_THE PROBLEM_: Could you transcribe exactly the lines below, from the line with "Modern Farmhouse |" through the line with "Dettaglio vista posteriore", and nothing else, leaving out the pictures?
[[ SOURCE MATERIAL open ]]
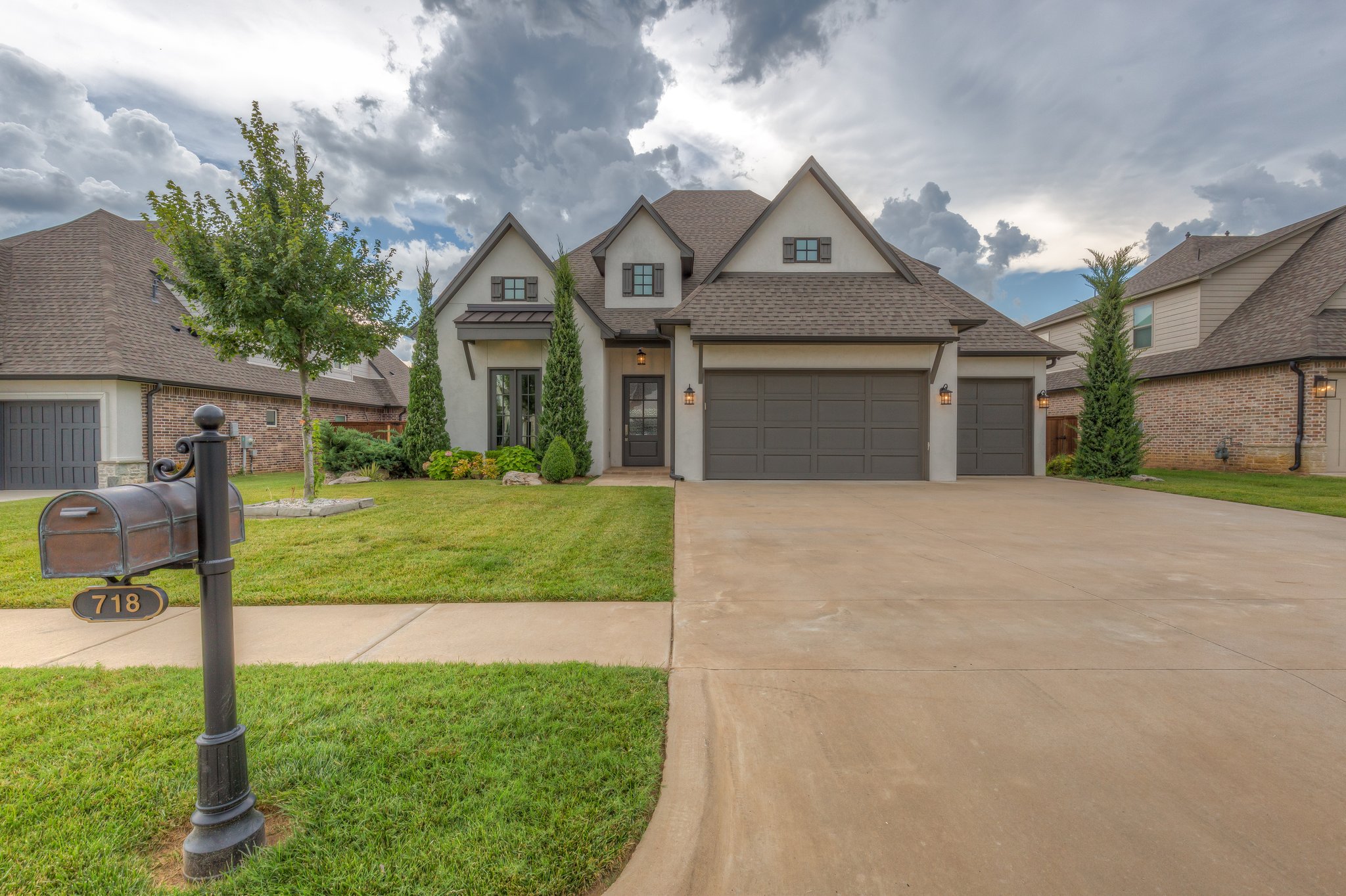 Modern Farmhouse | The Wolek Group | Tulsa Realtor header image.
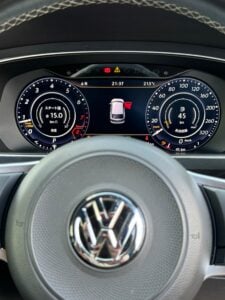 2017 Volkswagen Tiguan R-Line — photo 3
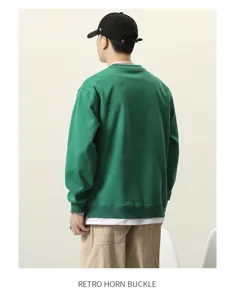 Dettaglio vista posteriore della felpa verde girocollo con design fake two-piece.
[[ SOURCE MATERIAL closed ]]
[[ SOURCE MATERIAL open ]]
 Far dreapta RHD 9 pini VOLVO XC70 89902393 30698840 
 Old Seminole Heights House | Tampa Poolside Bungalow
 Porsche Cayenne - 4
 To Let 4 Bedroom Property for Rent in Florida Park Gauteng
[[ SOURCE MATERIAL closed ]]
[[ SOURCE MATERIAL open ]]
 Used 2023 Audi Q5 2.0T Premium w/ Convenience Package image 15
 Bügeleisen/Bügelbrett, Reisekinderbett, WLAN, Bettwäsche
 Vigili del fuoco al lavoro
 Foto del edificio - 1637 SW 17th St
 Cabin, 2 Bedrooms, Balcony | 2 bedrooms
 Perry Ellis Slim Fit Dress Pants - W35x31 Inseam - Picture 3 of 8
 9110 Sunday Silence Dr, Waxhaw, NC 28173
[[ SOURCE MATERIAL closed ]]
_ANSWER SECTION_:
 Modern Farmhouse | The Wolek Group | Tulsa Realtor header image.
 2017 Volkswagen Tiguan R-Line — photo 3
 Dettaglio vista posteriore della felpa verde girocollo con design fake two-piece.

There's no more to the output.